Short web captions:
--- START ---
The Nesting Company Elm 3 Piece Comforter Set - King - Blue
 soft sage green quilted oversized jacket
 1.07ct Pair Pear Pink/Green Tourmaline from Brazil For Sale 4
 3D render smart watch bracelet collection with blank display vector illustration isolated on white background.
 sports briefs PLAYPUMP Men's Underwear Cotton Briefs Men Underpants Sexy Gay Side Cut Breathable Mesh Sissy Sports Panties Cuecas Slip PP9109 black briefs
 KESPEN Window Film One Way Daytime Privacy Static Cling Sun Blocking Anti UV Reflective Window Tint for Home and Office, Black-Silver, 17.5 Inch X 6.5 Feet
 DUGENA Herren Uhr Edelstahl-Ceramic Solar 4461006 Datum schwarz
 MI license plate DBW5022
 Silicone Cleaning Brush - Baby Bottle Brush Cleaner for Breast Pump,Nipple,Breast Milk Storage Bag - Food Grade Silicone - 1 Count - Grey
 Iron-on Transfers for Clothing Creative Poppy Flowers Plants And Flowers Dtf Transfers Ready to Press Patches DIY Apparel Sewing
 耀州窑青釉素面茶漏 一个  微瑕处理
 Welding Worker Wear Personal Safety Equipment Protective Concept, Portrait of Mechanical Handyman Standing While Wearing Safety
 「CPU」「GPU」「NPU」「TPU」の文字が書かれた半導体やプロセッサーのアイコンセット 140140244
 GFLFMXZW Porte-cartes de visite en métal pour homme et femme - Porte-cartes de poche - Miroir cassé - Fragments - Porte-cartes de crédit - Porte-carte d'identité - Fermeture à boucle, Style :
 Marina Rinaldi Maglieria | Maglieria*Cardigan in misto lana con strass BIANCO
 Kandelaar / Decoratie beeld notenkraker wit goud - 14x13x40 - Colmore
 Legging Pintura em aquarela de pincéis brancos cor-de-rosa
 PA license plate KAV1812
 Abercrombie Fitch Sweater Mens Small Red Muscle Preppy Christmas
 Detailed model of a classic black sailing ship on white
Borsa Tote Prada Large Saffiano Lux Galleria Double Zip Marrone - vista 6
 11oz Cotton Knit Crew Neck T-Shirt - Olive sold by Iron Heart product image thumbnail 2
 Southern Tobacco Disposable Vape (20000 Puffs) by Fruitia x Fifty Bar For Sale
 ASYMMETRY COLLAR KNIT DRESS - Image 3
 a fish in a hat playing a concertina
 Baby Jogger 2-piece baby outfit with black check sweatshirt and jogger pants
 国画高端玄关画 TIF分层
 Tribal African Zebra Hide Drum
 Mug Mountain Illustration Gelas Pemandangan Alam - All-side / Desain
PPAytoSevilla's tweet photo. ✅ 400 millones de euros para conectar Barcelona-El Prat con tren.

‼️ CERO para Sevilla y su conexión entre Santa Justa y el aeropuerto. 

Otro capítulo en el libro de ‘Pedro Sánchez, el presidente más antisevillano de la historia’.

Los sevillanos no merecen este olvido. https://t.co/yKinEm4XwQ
--- END ---
## PROBLEM DESCRIPTION:
Wherever "license" occurs in the entries above, copy the line it sits on.

## TASK SOLUTION:
 MI license plate DBW5022
 PA license plate KAV1812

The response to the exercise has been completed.